Greatest hits album by Michael Learns to Rock
- Released: October 1, 1996
- Genre: Soft rock
- Label: Medley, Warner Records
- Producer: Steve Barri (also exec.), Poul Bruun (exec.), Jens Hofman (also exec.), Michael Learns to Rock, Randy Nicklaus (exec.), Tony Peluso, Oli Poulsen

Michael Learns to Rock chronology
| Played on Pepper (1995) | Paint My Love – Greatest Hits (1996) | Nothing to Lose (1997) |

Singles from Paint My Love - Greatest Hits
- "Paint My Love" Released: 1996;

= Paint My Love – Greatest Hits =

Paint My Love – Greatest Hits is the first greatest hits album by the Danish soft rock band Michael Learns to Rock. It was released in October 1996 by Medley Records in Asia and South Africa. As of May 1999, the album had sold 3.4 million copies worldwide.
The title song, "Paint My Love", is an English version of "Kun med dig" by Danish singers Dorthe Andersen and Martin Loft, which was composed by Jascha Richter.

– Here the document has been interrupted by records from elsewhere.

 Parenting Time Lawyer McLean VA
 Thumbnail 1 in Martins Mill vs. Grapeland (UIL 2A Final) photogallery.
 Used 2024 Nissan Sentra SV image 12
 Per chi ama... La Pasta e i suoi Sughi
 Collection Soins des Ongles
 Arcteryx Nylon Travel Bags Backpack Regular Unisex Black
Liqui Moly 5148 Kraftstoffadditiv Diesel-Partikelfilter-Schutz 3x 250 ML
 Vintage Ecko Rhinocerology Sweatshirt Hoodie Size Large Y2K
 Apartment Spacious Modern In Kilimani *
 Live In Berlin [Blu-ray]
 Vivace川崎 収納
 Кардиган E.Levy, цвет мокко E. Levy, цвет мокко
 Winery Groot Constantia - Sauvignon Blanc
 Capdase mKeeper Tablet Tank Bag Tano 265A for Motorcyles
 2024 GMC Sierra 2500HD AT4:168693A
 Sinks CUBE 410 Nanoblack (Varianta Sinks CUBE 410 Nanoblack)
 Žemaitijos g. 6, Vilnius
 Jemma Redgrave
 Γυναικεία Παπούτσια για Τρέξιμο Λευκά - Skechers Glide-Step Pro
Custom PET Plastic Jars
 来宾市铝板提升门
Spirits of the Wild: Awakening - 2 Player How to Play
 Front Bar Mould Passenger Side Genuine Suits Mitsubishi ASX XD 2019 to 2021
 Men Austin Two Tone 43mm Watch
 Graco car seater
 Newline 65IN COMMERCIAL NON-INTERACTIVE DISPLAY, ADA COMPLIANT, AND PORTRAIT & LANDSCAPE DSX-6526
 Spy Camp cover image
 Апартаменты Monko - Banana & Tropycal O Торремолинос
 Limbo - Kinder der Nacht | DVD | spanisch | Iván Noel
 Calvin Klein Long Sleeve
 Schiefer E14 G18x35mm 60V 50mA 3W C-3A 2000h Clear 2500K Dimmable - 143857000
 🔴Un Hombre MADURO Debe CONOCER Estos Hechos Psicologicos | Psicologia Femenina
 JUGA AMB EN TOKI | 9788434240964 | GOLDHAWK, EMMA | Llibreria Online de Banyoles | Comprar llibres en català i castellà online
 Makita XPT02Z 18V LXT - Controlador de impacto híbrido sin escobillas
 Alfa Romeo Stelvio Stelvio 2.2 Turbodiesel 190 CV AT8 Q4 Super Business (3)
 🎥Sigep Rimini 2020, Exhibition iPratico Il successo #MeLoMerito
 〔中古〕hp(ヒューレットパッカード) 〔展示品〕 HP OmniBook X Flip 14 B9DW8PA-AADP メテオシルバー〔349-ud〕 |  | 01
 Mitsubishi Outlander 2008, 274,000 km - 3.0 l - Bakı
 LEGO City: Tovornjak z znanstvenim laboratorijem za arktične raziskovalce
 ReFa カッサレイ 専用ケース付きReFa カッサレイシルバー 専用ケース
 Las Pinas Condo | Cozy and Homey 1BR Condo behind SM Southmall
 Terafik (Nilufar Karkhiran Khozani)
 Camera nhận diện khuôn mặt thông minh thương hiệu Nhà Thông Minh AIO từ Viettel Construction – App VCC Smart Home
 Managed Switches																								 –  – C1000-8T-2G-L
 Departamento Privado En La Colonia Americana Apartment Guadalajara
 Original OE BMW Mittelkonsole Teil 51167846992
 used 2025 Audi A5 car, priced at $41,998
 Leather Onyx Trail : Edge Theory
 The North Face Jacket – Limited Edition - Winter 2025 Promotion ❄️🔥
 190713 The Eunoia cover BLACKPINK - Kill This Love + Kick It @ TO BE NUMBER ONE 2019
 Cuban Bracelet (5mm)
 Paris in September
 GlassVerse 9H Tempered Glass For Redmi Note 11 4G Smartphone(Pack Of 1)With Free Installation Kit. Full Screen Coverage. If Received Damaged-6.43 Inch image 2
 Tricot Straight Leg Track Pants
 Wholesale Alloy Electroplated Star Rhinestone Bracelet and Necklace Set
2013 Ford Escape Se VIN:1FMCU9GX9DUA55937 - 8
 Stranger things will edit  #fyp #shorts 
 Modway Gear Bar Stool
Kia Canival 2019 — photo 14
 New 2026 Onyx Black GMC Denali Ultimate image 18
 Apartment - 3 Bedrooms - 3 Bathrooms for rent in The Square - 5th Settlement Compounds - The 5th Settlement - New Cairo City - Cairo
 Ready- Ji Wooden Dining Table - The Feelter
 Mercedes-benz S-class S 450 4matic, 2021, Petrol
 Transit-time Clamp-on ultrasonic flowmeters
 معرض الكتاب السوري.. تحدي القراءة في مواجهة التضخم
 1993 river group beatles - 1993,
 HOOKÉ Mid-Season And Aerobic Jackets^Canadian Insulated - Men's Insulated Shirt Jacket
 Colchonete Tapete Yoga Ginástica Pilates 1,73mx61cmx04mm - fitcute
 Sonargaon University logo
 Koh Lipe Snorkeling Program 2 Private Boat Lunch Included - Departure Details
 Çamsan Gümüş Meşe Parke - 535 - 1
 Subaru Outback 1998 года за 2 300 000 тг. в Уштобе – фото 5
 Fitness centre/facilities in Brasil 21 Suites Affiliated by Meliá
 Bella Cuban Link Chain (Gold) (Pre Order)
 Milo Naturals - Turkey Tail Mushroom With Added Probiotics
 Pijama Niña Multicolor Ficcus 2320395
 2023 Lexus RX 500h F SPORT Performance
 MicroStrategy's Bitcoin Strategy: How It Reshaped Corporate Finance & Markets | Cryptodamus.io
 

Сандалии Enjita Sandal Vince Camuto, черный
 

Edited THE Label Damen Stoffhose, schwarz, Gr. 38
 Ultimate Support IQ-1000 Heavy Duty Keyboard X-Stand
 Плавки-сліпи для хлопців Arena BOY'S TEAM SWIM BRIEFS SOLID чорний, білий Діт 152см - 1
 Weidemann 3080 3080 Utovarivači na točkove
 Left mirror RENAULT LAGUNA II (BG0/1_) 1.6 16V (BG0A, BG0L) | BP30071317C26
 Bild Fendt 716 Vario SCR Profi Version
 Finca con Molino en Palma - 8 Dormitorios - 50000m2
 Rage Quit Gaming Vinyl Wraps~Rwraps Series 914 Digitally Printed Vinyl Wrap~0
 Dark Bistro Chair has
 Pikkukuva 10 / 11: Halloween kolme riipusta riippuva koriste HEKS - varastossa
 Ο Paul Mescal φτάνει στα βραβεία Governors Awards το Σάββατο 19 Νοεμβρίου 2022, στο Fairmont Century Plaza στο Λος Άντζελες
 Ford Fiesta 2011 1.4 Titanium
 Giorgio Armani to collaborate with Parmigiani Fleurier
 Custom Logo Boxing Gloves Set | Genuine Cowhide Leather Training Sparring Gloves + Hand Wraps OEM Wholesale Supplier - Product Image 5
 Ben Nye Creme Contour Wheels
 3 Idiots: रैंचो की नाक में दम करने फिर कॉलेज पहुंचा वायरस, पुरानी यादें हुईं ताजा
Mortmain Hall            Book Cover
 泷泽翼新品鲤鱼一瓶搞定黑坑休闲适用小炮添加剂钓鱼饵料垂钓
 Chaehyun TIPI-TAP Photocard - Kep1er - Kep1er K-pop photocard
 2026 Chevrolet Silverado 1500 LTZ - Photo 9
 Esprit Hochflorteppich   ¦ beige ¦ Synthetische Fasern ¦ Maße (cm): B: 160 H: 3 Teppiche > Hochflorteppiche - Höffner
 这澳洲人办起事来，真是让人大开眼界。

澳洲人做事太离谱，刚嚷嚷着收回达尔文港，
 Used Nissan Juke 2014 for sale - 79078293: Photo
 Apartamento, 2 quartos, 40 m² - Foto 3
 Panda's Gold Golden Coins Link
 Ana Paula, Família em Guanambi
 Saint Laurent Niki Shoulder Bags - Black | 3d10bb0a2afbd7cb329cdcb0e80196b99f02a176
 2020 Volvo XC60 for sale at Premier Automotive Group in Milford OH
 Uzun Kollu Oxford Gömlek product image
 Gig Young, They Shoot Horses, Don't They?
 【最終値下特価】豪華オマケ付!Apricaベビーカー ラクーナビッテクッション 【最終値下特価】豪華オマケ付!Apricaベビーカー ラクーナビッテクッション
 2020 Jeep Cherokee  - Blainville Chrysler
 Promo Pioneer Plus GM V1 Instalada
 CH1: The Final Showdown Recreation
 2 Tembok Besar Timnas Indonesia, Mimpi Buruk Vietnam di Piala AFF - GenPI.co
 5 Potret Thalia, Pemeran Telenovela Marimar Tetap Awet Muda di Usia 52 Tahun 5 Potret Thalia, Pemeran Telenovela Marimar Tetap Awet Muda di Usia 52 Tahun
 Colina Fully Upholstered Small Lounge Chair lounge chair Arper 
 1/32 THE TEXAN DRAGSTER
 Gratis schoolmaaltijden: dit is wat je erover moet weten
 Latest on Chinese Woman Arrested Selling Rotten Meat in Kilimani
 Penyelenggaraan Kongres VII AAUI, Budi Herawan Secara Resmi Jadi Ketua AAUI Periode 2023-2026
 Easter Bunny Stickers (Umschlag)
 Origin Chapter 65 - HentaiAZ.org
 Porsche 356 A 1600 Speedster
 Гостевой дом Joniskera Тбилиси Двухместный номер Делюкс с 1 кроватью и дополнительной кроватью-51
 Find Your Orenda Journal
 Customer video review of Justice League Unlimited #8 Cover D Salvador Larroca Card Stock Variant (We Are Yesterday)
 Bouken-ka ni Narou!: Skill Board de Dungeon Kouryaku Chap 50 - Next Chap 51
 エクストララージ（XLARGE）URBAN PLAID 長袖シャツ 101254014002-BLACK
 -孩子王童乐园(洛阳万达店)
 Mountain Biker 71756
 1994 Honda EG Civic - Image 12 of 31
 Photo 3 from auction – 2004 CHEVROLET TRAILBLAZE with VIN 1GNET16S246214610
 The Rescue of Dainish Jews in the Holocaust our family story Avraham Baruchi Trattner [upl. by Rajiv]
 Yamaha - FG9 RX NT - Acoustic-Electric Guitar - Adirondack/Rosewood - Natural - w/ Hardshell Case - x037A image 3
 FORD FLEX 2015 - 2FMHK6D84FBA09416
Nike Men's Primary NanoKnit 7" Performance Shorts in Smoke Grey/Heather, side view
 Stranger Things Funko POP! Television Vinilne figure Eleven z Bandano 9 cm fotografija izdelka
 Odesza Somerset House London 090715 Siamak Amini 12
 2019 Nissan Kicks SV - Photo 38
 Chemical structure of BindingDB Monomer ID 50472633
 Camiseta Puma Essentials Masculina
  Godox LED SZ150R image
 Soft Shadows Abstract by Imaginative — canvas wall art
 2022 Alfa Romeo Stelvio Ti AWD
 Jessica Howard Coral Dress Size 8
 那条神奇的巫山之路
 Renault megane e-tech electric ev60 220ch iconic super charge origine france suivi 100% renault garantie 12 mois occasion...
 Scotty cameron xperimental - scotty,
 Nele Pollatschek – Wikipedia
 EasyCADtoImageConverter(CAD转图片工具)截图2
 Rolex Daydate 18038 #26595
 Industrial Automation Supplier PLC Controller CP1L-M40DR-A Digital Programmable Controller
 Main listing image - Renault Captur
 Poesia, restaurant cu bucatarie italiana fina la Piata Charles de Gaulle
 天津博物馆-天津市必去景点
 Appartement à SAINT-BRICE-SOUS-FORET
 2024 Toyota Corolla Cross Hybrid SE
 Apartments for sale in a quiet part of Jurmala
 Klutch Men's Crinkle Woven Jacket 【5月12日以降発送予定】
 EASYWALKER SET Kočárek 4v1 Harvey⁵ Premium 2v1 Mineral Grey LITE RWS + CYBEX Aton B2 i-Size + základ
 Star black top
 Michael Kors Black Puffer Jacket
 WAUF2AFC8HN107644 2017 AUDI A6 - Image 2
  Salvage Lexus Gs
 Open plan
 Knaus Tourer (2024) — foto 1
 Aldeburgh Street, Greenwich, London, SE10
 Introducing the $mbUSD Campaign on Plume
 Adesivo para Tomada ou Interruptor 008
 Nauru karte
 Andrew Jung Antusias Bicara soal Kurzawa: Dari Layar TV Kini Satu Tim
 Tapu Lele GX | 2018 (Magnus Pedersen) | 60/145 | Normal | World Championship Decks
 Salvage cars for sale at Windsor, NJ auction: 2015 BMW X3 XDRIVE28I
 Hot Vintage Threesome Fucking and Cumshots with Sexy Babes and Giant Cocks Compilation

The song won the Danish national selection for the Eurovision Song Contest 1996, but was one of seven entries voted off in a pre-contest semifinal, which was not televised. "Paint My Love", along with the other new song "Breaking My Heart", was later included on the band's fourth studio album, Nothing to Lose (1997).

==Track listing==

| No. | Title | Writer(s) | Producer(s) | Length |
|---|---|---|---|---|
| 1. | "Paint My Love" | Jascha Richter | Michael Learns to Rock | 3:49 |
| 2. | "Sleeping Child" (from Colours) | Richter | Oli Poulsen, Michael Learns to Rock | 3:33 |
| 3. | "That's Why (You Go Away)" (from Played on Pepper) | Richter | Michael Learns to Rock | 4:10 |
| 4. | "The Actor" (from Michael Learns to Rock) | Richter | Poulsen, Jens Hofman | 4:35 |
| 5. | "Wild Women" (from Colours) | Richter | Poulsen, Michael Learns to Rock | 3:53 |
| 6. | "Love Will Never Lie" (from Played on Pepper) | Richter, Ashley Mulford | Michael Learns to Rock | 3:34 |
| 7. | "I Still Carry On" (from Michael Learns to Rock) | Richter | Poulsen, Hofman | 4:36 |
| 8. | "Complicated Heart" (from Colours) | Richter | Poulsen, Michael Learns to Rock | 4:24 |
| 9. | "Breaking My Heart" | Richter | Michael Learns to Rock | 4:03 |
| 10. | "Someday" (from Played on Pepper) | Richter | Michael Learns to Rock | 3:52 |
| 11. | "Out of the Blue" (from Colours) | Richter | Poulsen, Michael Learns to Rock | 3:58 |
| 12. | "25 Minutes" (from Colours) | Richter | Poulsen, Michael Learns to Rock | 4:20 |
| 13. | "Breaking the Rules" (from Played on Pepper) | Richter | Michael Learns to Rock | 4:22 |
| 14. | "How Many Hours" (from Played on Pepper) | Richter | Michael Learns to Rock | 4:43 |
| 15. | "Crazy Dream" (from Michael Learns to Rock) (bonus track) | Richter, Terry Lupton, Michael Price | Steve Barri, Tony Peluso | 4:00 |
| 16. | "Paint My Love" (acoustic version) (bonus track) | Richter | Michael Learns to Rock | 3:48 |
| 17. | "Breaking My Heart" (alternative version) (bonus track) | Richter | Michael Learns to Rock | 3:54 |

==Charts==

| Chart (1996) | Peak position |
|---|---|
| Malaysian Albums (RIM) | 1 |

==Certifications and sales==

| Region | Certification | Certified units/sales |
| Hong Kong (IFPI Hong Kong) | Platinum | 20,000^{*} |
| Indonesia | 7× Platinum | 350,000 |
| Malaysia | 14× Platinum | 360,000 |
| Philippines (PARI) | 6× Platinum | 240,000^{*} |
| Singapore (RIAS) | 6× Platinum | 90,000^{*} |
| South Korea (KMCA) | 2× Platinum | 60,000 |
| Taiwan (RIT) | Platinum | 50,000^{*} |
| Thailand | 6× Platinum | 200,000 |
Summaries
| Southeast Asia | — | 3,100,000 |
| Worldwide | — | 3,400,000 |
^{*} Sales figures based on certification alone.